▶ _Work request_
Copy all entries without alteration and skip the pictures they hold.
Data for review START
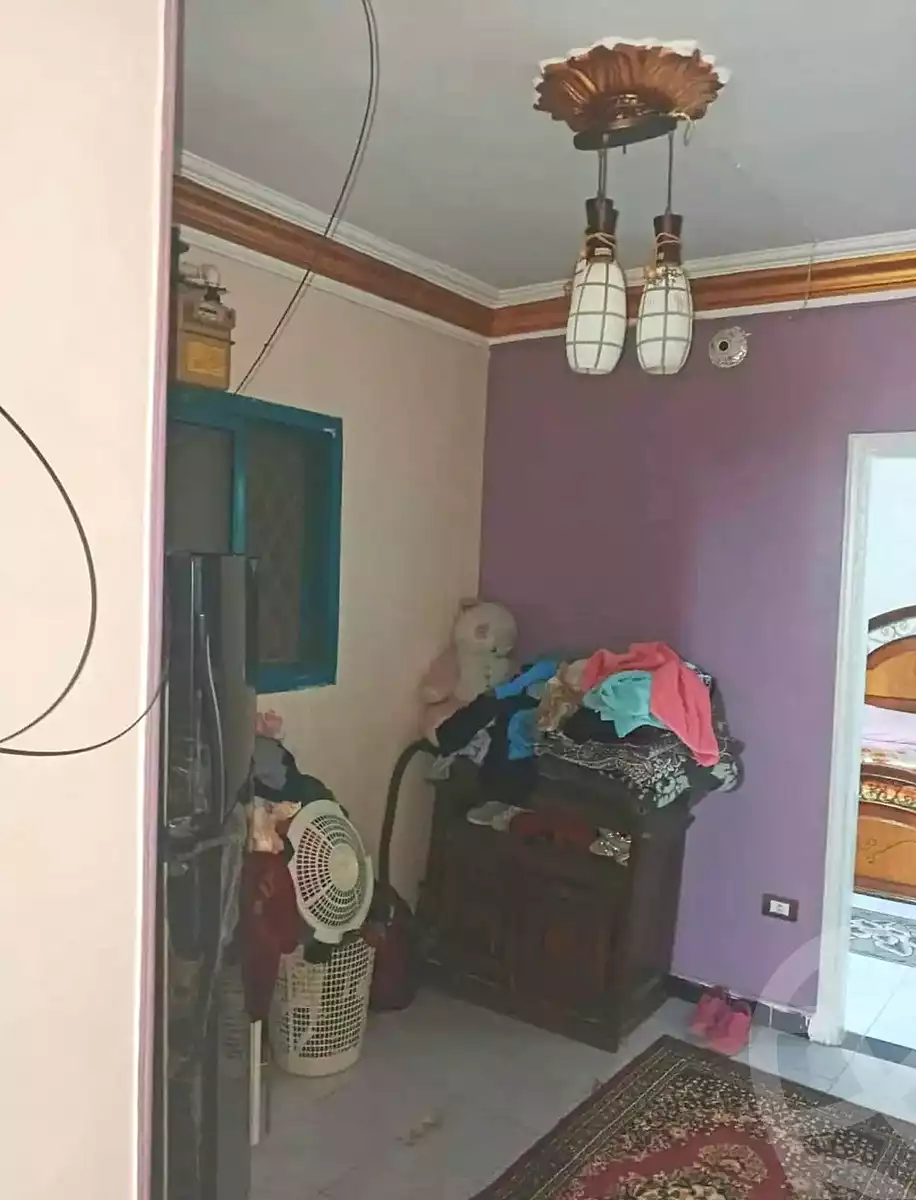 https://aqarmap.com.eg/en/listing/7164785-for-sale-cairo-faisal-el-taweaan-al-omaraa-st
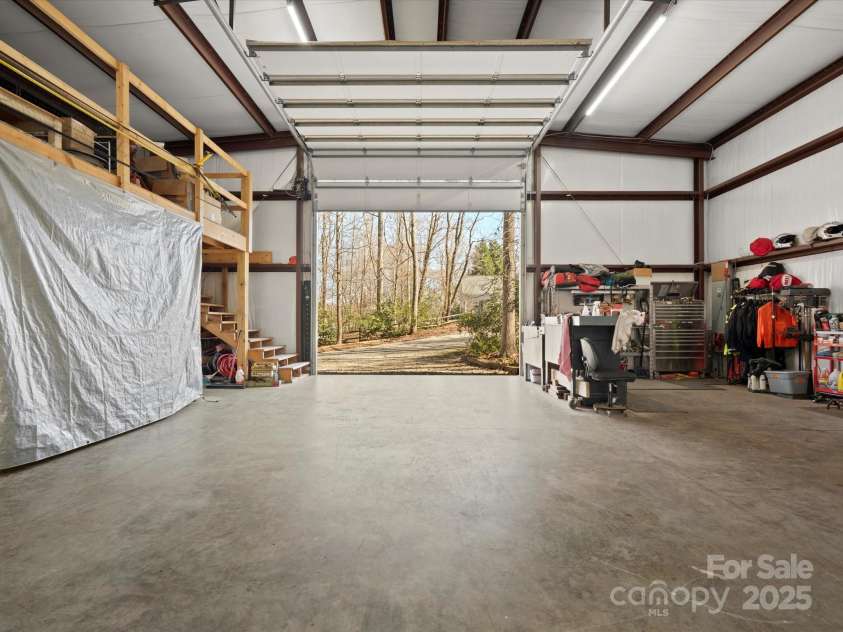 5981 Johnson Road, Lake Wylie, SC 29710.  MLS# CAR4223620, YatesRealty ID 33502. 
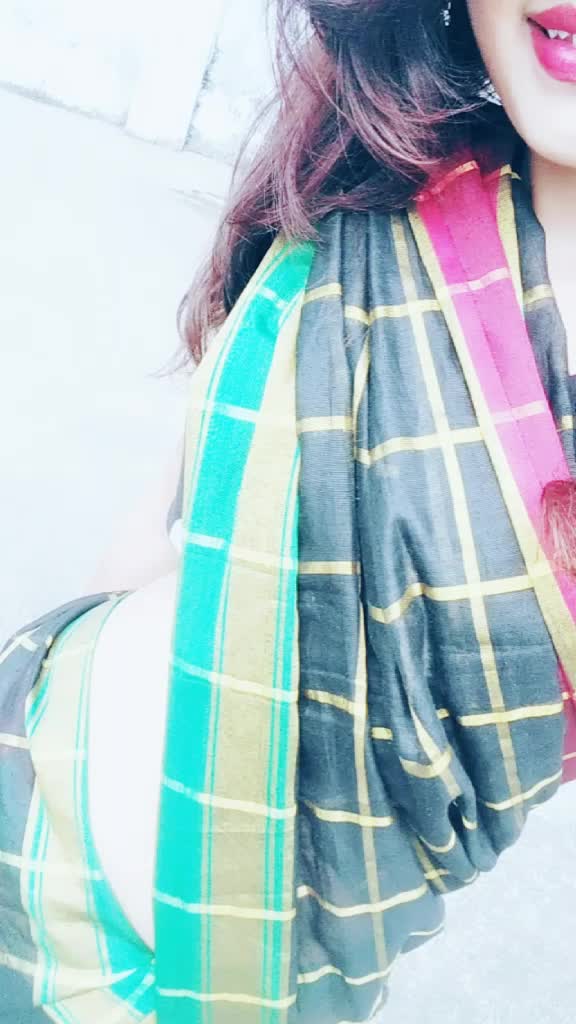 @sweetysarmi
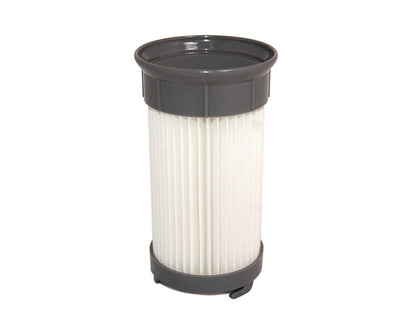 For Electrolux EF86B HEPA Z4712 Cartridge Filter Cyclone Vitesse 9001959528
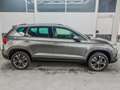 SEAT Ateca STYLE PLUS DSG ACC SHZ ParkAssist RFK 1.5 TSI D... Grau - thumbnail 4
Data for review END
▶ _Solved problem_
 https://aqarmap.com.eg/en/listing/7164785-for-sale-cairo-faisal-el-taweaan-al-omaraa-st
 5981 Johnson Road, Lake Wylie, SC 29710.  MLS# CAR4223620, YatesRealty ID 33502. 
 @sweetysarmi
 For Electrolux EF86B HEPA Z4712 Cartridge Filter Cyclone Vitesse 9001959528
 SEAT Ateca STYLE PLUS DSG ACC SHZ ParkAssist RFK 1.5 TSI D... Grau - thumbnail 4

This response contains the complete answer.